• **Your objective**
Would you write out the full listing exactly, without any pictures?

• **Dataset section**
# # # #
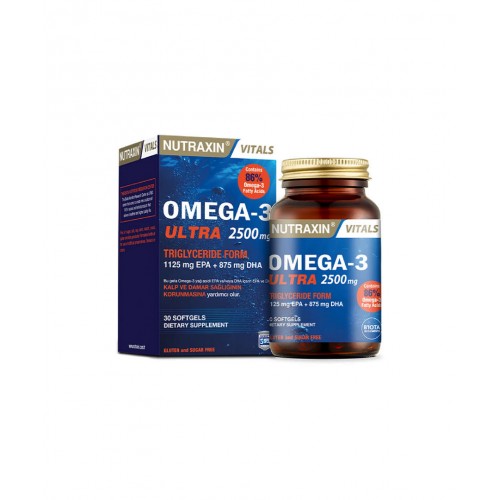 Nutraxin Omega-3 Ultra 2500 mg 30 Kapsül | Kalp ve Damar Sağlığını Korumaya Yardımcı Takviye Edici Gıda
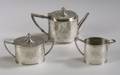 Arts and Crafts Hammered Threepiece Teaset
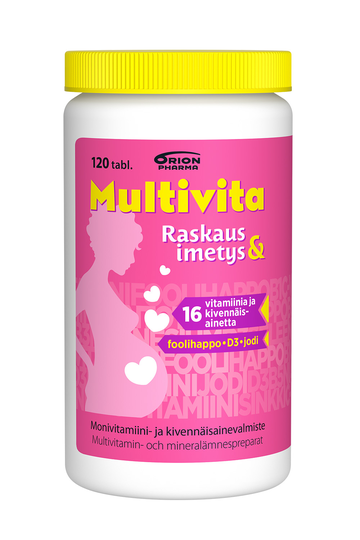 Multivita Raskaus ja imetys monivitamiini 120 tabl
# # # #
• **Solved exercise**
 Nutraxin Omega-3 Ultra 2500 mg 30 Kapsül | Kalp ve Damar Sağlığını Korumaya Yardımcı Takviye Edici Gıda
 Arts and Crafts Hammered Threepiece Teaset
 Multivita Raskaus ja imetys monivitamiini 120 tabl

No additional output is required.